DATA RECORDS:
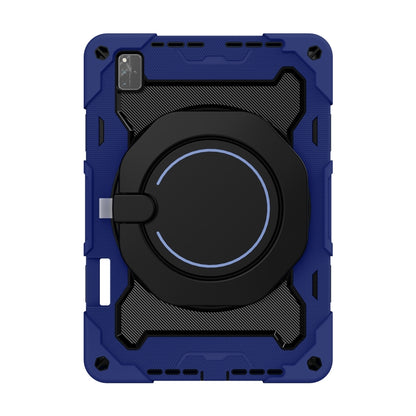 Navy blue rugged tablet case with black circular kickstand and camera cutout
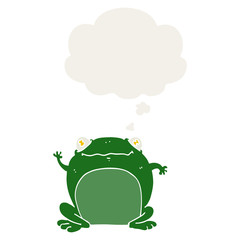 cartoon frog and thought bubble in retro style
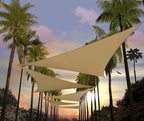 Amgo Custom Size 22' x 22' x 22' Sand Beige Triangle Sun Shade Sail UPF50+ by Amgo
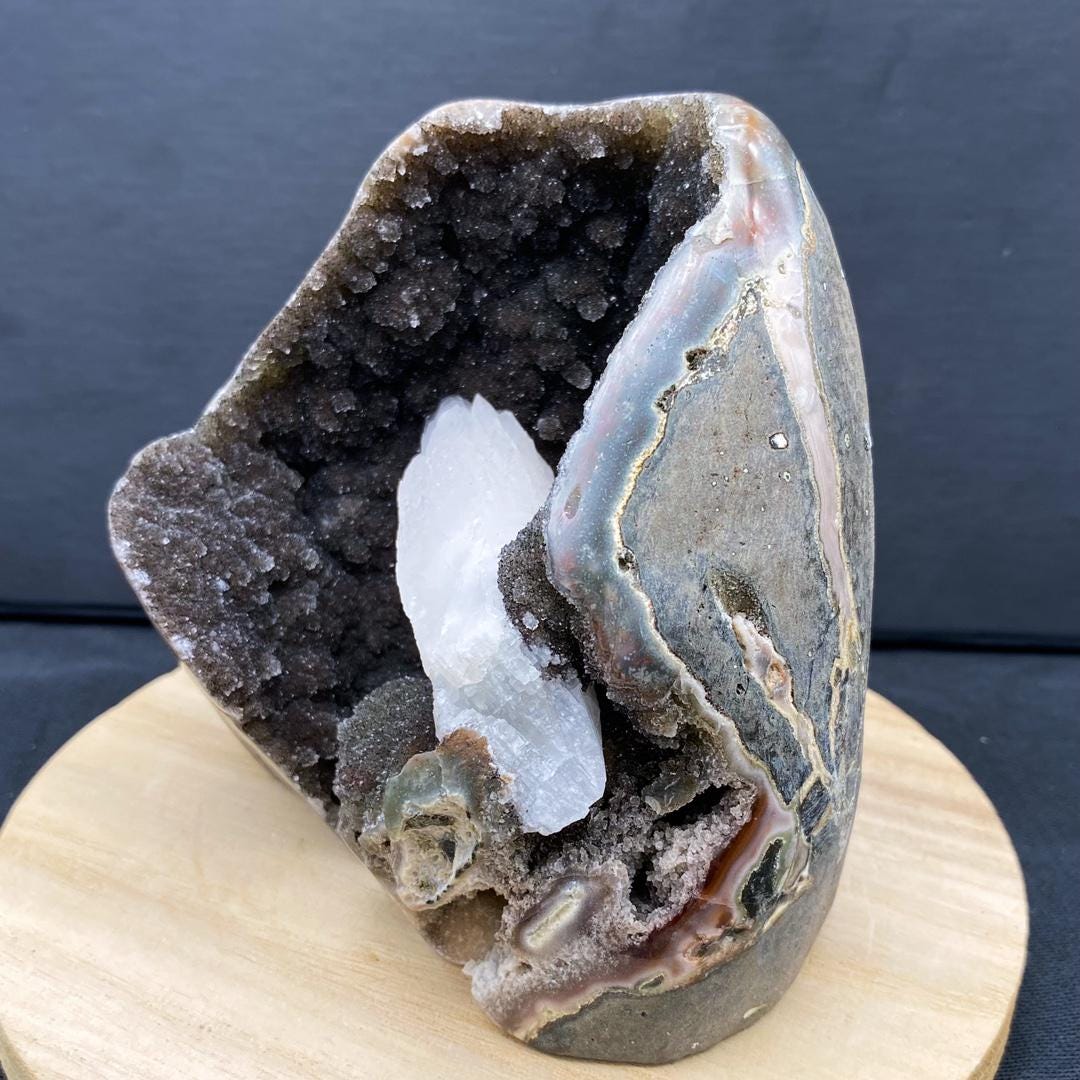 Natural Black Amethyst Cluster Specimen with Calcite,Rare Black Amethyst Collection,Mineral Specimen Collection,UV Reactive,Amethyst Calcite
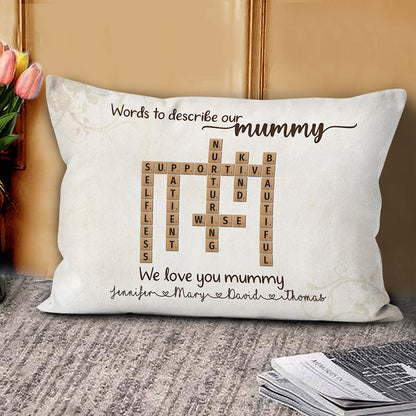 Words To Describe Mommy Crossword Pillow Personalized Gift For Mom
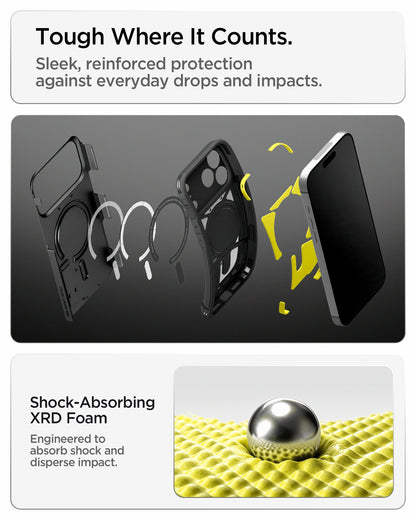 ACS09897 - iPhone 18 Pro Max / iPhone 17 Pro Max Tough Armor T Mag Fit Black showing a layered protective structure with shock-absorbing foam engineered to disperse impact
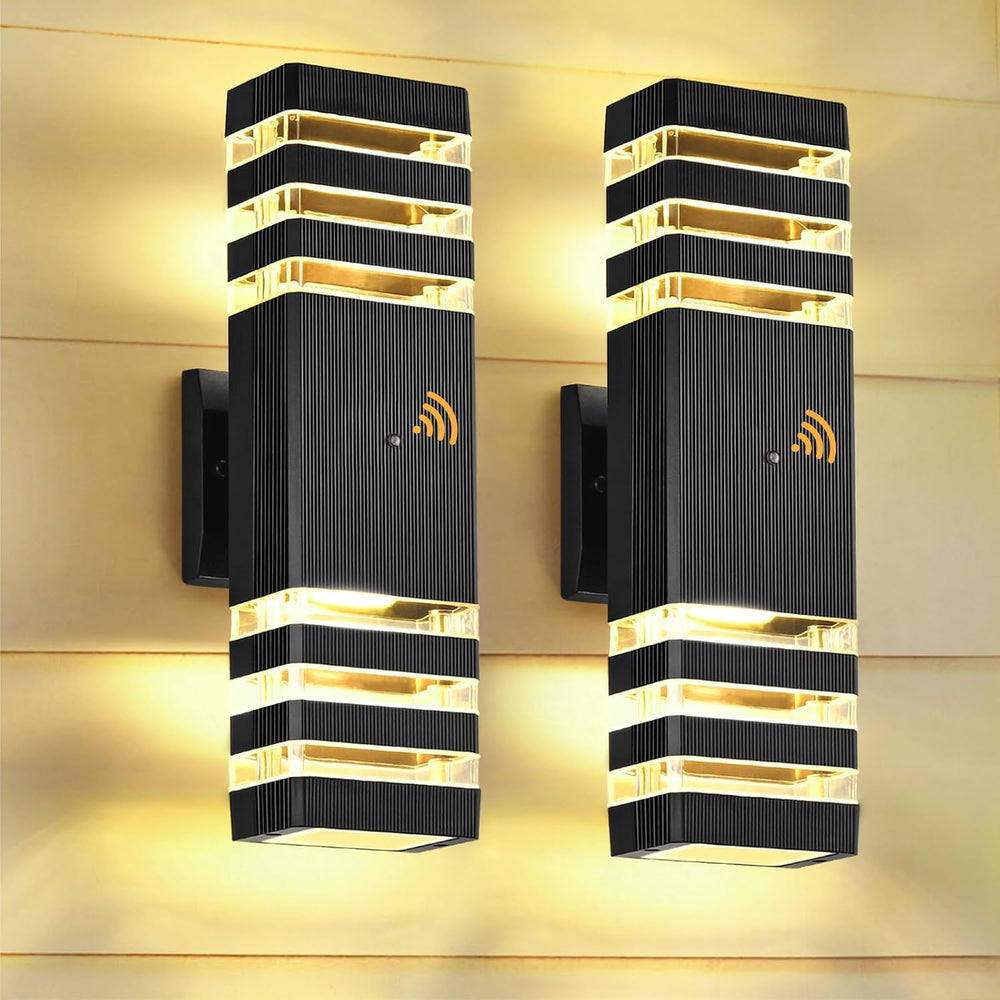 Dusk to Dawn Outdoor Wall Lights 2 Pack, Up and Down Porch Lights Outdoor Wal...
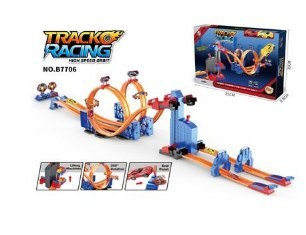 Return track series (equipped with 2 return cars) 3 * 1.5V AA not included Display box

THE PROBLEM:
Leave out every picture, and repeat word for word only the lines from the one holding "ACS09897 - iPhone" through the end of the entries above, both ends included.

TASK ANSWER:
 ACS09897 - iPhone 18 Pro Max / iPhone 17 Pro Max Tough Armor T Mag Fit Black showing a layered protective structure with shock-absorbing foam engineered to disperse impact
 Dusk to Dawn Outdoor Wall Lights 2 Pack, Up and Down Porch Lights Outdoor Wal...
 Return track series (equipped with 2 return cars) 3 * 1.5V AA not included Display box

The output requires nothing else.